Deploying use-case based data management solutions
Explosive data growth, a proliferation of data sources and types, and disparate use cases all lead to challenges in how to access and retain data. It can be difficult to determine the right balance between cost and ease of access. A general use-case based guideline is as follows:
- Real time and near-real time data: This data is indexed.
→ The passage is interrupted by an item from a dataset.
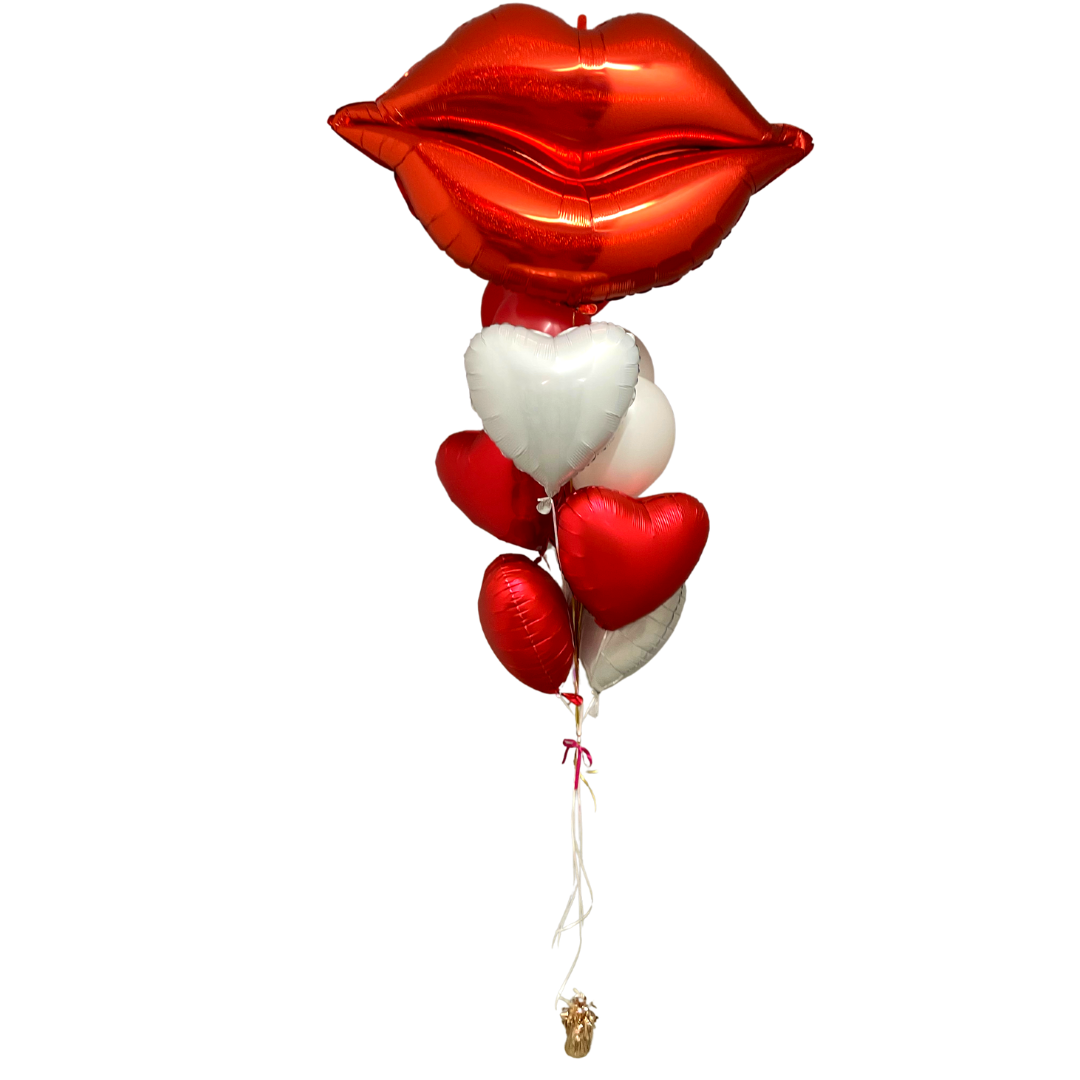 Besos Ballon Bouquet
It fulfills the following use cases:
- Prevention
- Detection
- Monitoring
- Ad hoc data: This data is sometimes indexed and sometimes kept in object storage. It fulfills the following use cases:
- Incident review
- Investigations
- Threat hunting
- Archive data: This data is kept in archive storage. It fulfills the following use cases:
- Forensics
- Audit
- Compliance
Splunk offers storage management solutions at all these levels, through two main categories:
- Index and time-based data management
- Event level data management
Click though the graphic below to learn more about these solutions and how they serve your use cases.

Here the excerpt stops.